Morton had a 4.15 ERA in four starts, but he tore his left hamstring Saturday while trying to beat out a bunt. Viva the pitcher batting, I guess. Adam Morgan is expected to take his spot in the starting rotation, at least at first. The Phillies will use a lot of pitchers this year, no doubt.
It’s not like Morton was the key to the Phillies 2016 season or anything, and it’s unlikely that he’d even still be on the team the next time they’re contenders.
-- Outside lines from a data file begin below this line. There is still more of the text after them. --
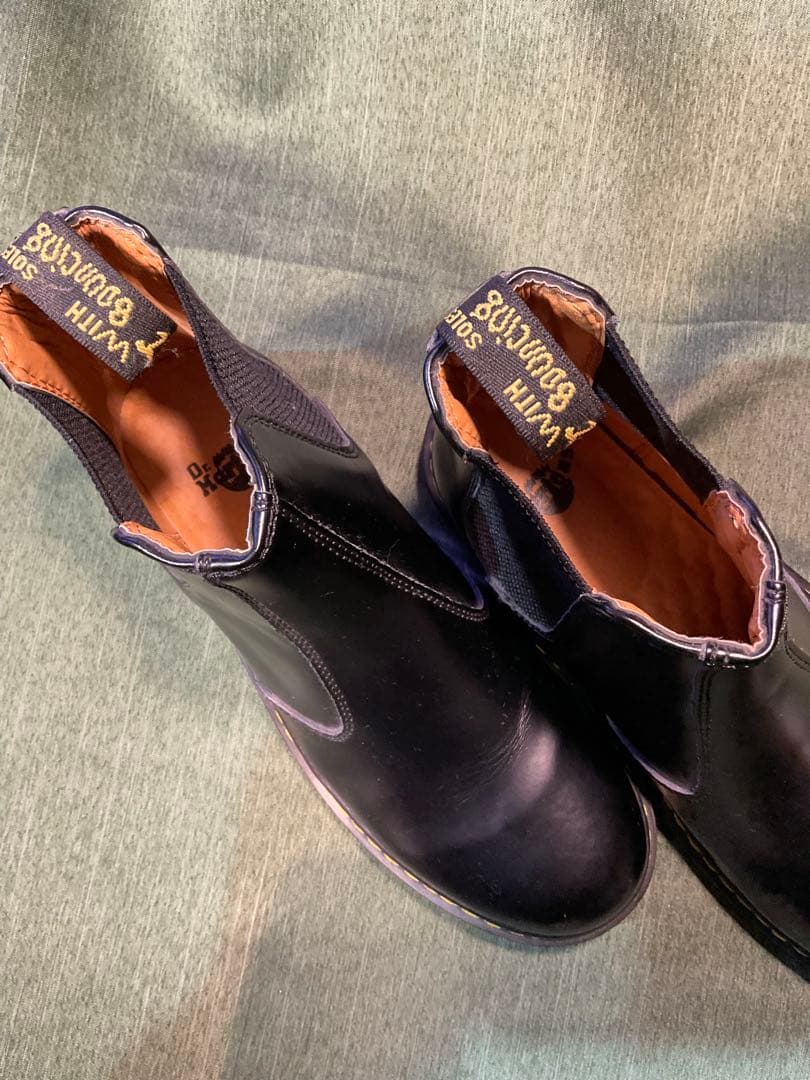 定番Dr.Martens サイドゴアチェルシーブーツ新品同様EU42 UK8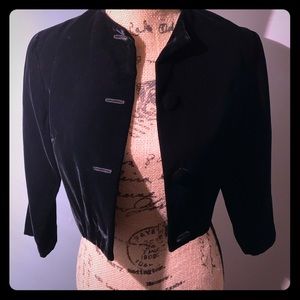 Vtg black velvet cropped jacket/shrug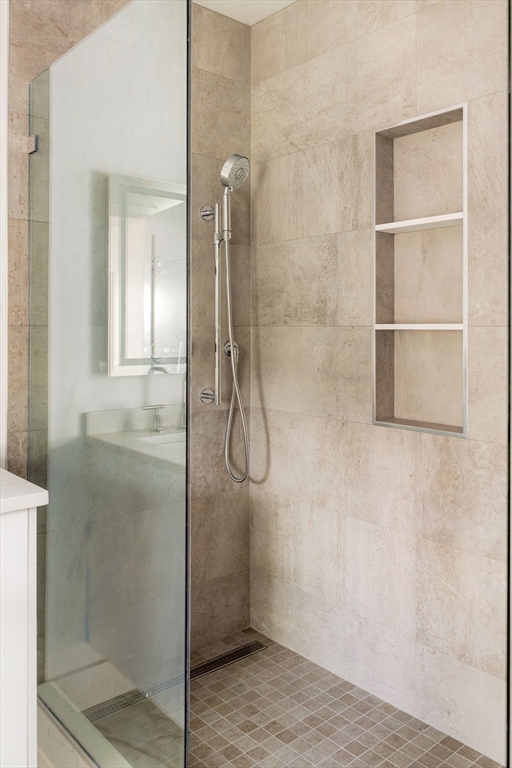 492 Putnam Avenue, Unit 492 Cambridge, MA 02139 - Photo 18 of 30 Gallery Image 18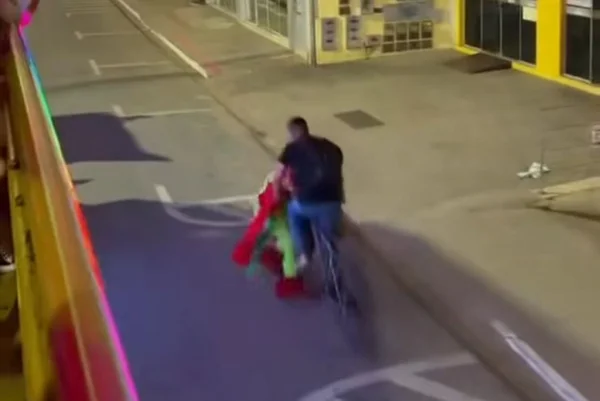 Fofão é atropelado por ciclista durante apresentação - Metrópoles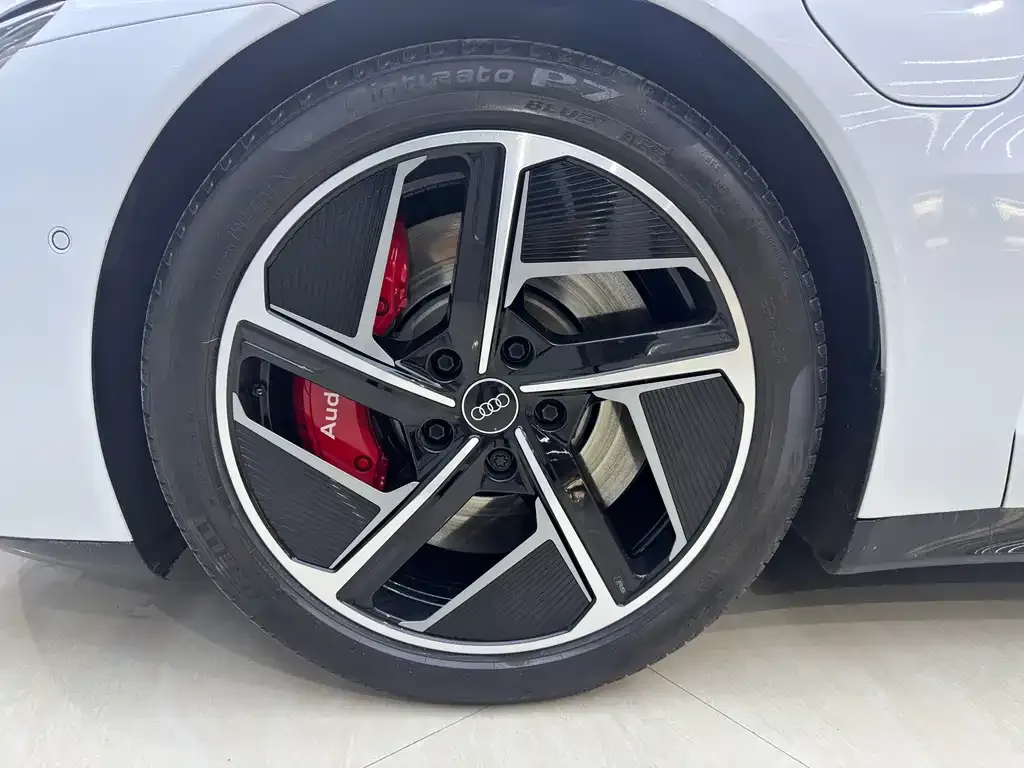 Audi RS e-tron GT 2023 из CN, фото 7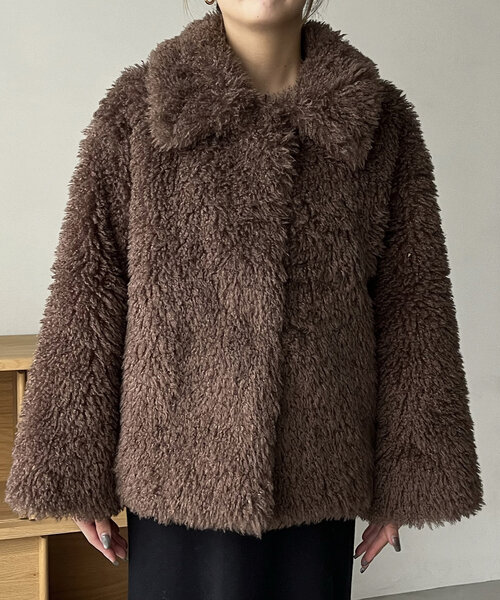 CAPRICIEUX LE'MAGE（カプリシューレマージュ）の「エコファーコート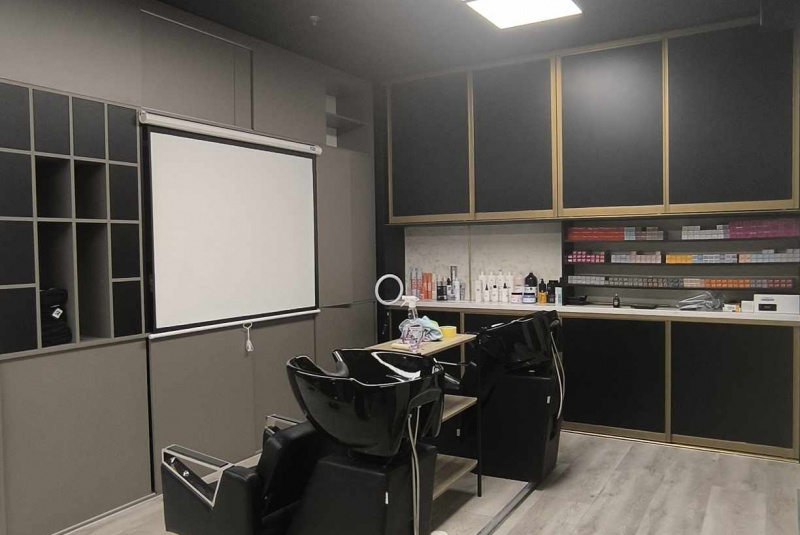 Realizované projekty - zoznam / Košice - Rekonštrukcia Kaderníckeho priestoru v OC Galéria - foto Realizované projekty - zoznam / Košice - Rekonštrukcia Kaderníckeho priestoru v OC Galéria - foto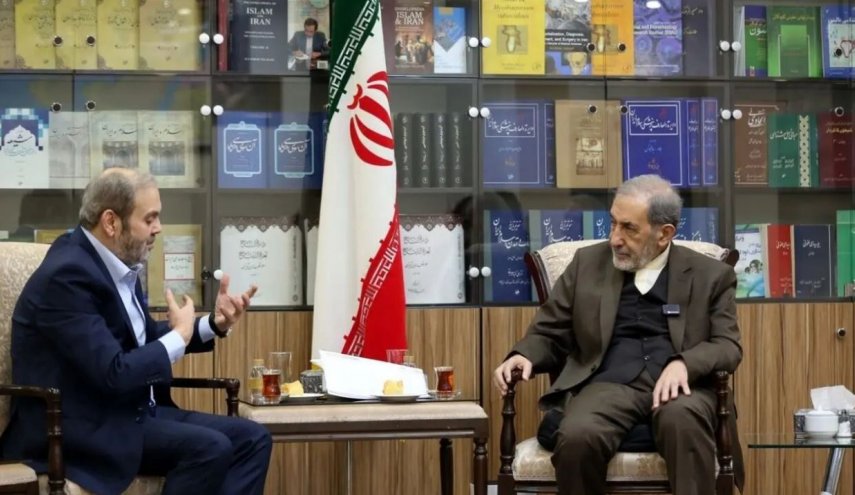 ولایتی: ایران با قاطعیت از حزب‌الله لبنان حمایت می‌کند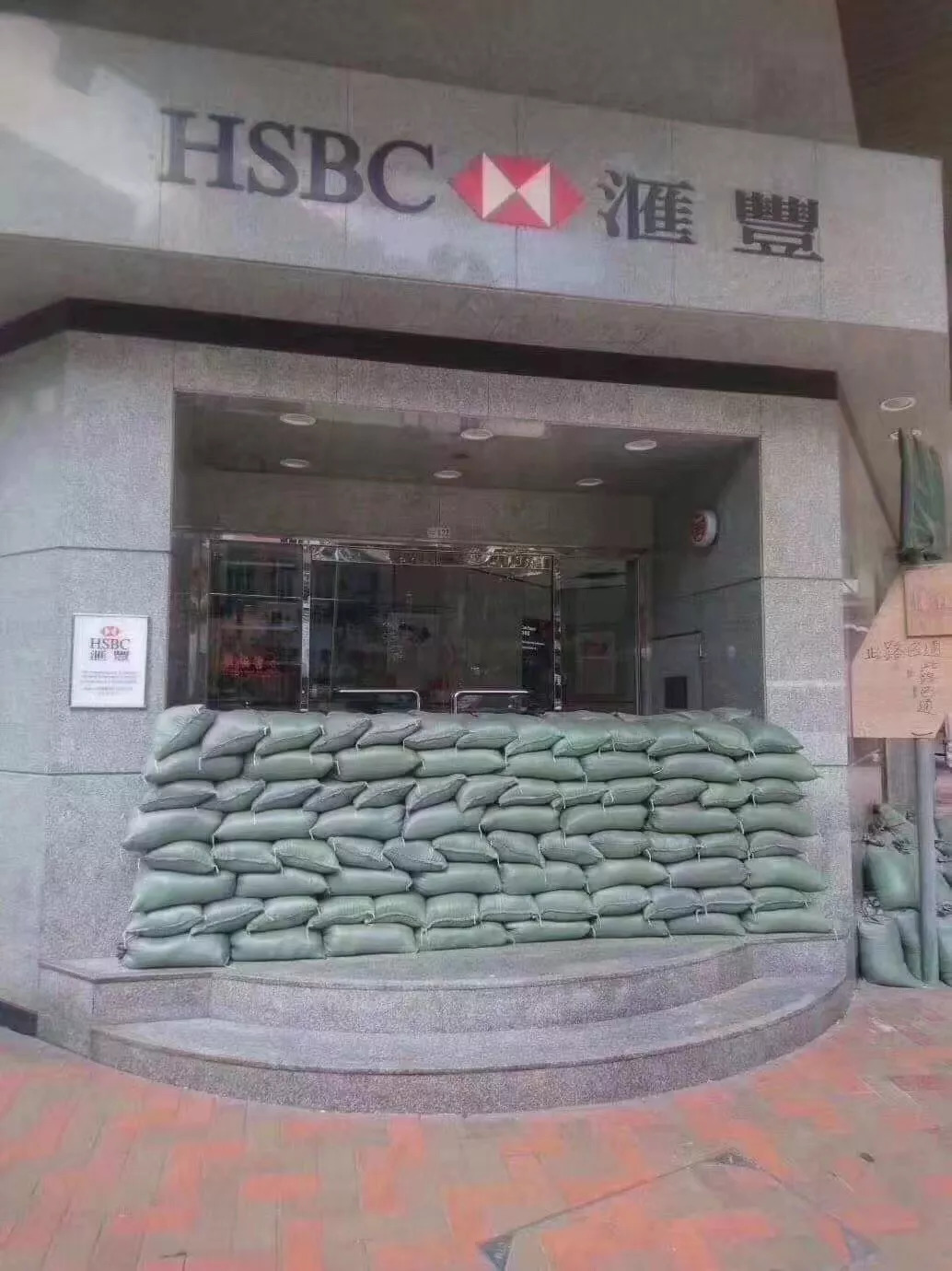 山竹台风实时预警,超强台风山竹实时状况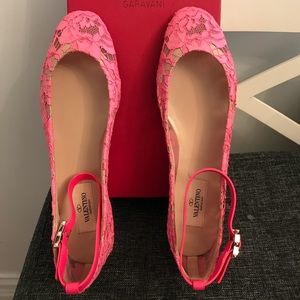 Valentino Garavani Pink Lace Ballet Flats , sz 38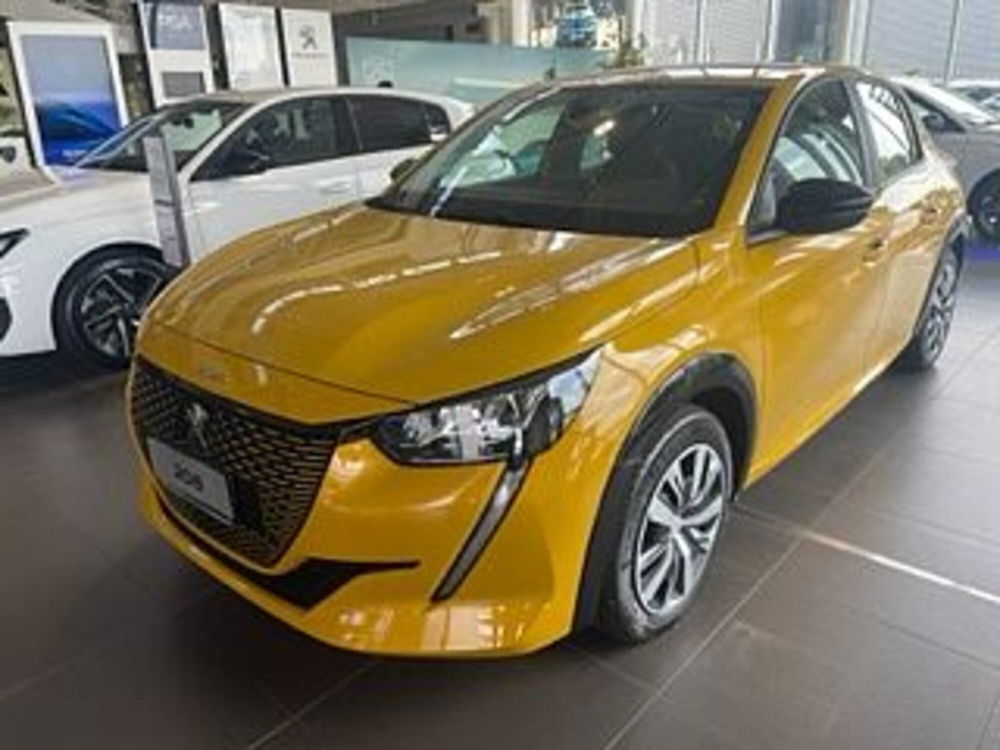 Peugeot 208 nuova a Ravenna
But a player like Morton is a valuable cog on a young team like the Phillies, taking the innings someone has to take, doing his best to save the bullpen so it can be used with younger, less-experienced pitchers and being a role model and mentor to the guys who will, one day, play for the next good Phillies team. For those reasons, and simply for his own well-being, of course, this rather sucks.
This is more of a must-click link thing, because Ben Badler is the expert here and over at Baseball America he explains how teams have, since the dawn of the international bonus caps in 2011, circumvented the rules.
Not surprisingly, the way rules are circumvented enrich some — trainers; owners who are paying less for international talent — and cost poor, young players. Nor surprisingly Major League Baseball doesn’t really enforce its own rules that much. It would if bonus expenditures were dramatically enhanced, but breaking the rules here and there to get around restrictions appears to be less than a petty misdemeanor in the eyes of the league.
Like anything else: when you make rules which restrict what people would be doing anyway (i.e. spending money to get the best talent) people are going to find a way to do what they wanted to do anyway. And when that happens, it’s probably a good idea to look at the rules and ask what the heck the point of them was in the first place.
I’m surprised this doesn’t happen more often, actually. There are like 250 throwbacks to a pitcher a game, minimum, games are long, guys get tired and there’s a lot of stuff to look at in a major league ballpark. Sometimes the routine stuff slips through the cracks.
Oh well. It didn’t seem to affect Chris Sale much as he dominated the Blue Jays. Maybe it even woke him up a little and gave him an extra bit of adrenaline?
Most of society uses bull excrement to refer to things which are suboptimal or less-than-genuine. Baseball players, however, have a long and rich history of using horse excrement as their epithet of choice. I’m not sure why. I know a lot of people in the military use it — my dad is a big “horses**t” advocate — but it’s huge in baseball. Probably bigger there now than anywhere else. At least since the military moved on to F.U.B.A.R. a couple of decades back.
Jim Leyland is perhaps the most recent Grand Master of “horses**t.” He used to drop it all the time, even when he wasn’t mad about anything. And of course he used to manage the Tigers, so it’s understandable why Victor Martinez would go there to describe the Tigers’ subpar performance last night. From Katie Strang at ESPN:
Martinez, 37, gave credit where credit was due, tipping his cap to a phenomenal performance from Oakland Athletics starting pitcher Rich Hill, but he indicted his own team’s meager display in a 5-1 loss.
“Bottom line: The guy threw good,” he said. “We were horses— as an offense.”
And it wasn’t just last night. As Strang notes, the Tigers offense, which is supposed to be a strength of this team, has been terrible lately.
Meanwhile, a Tigers fan friend of mine just asked rhetorically why Martinez is saying this about his and his teammates’ performance instead of Brad Ausmus. Good question! I mused in the recaps this morning that Ausmus is probably on thin ice, but when the players are voicing frustration like this and the manager isn’t throwing a bunch of bats into the shower and giving the “lollygaggers” speech, it’s usually not a good look.
Jim Leyland is going to manage the WBC team next year. He’s rested. He’s ready. Maybe he wants a warmup. The old man comes back as an interim manager? Who says no?!
On Monday night the Braves lost 1-0 to the Red Sox. Early in the game, Freddie Freeman was called out at second base. Replays appeared to show Freeman beating the play at second, but the Braves didn’t challenge the call, per the advice of team video coordinator Rob Smith to manager Fredi Gonzalez. After the game Freeman, as well as several anonymous team officials, grumbled about the decision not to challenge.
As Mark Bowman of MLB.com reports today, that no-challenge has motivated the Braves to reexamine how they approach replay. Others have speculated that that decision will be used as an overall basis for making wholesale changes, including the possible firing of Fredi Gonzalez. A scapegoating move to be sure given how bad this team is, but “things just aren’t working and our processes are breaking down” is a better story to tell than “we put a crap roster together on the super cheap because we don’t care about 2016,” at least if you’re in the front office.
Whatever that means for the Braves, this puts me in mind of that story from last week about how the Yankees’ replay guy is considered so good and gives them an advantage. And makes me wonder once again why we’ve decided to make a game out of replay — one challenge and if you’re wrong you lose it! — rather than simply making it another tool in the umpire’s toolbox.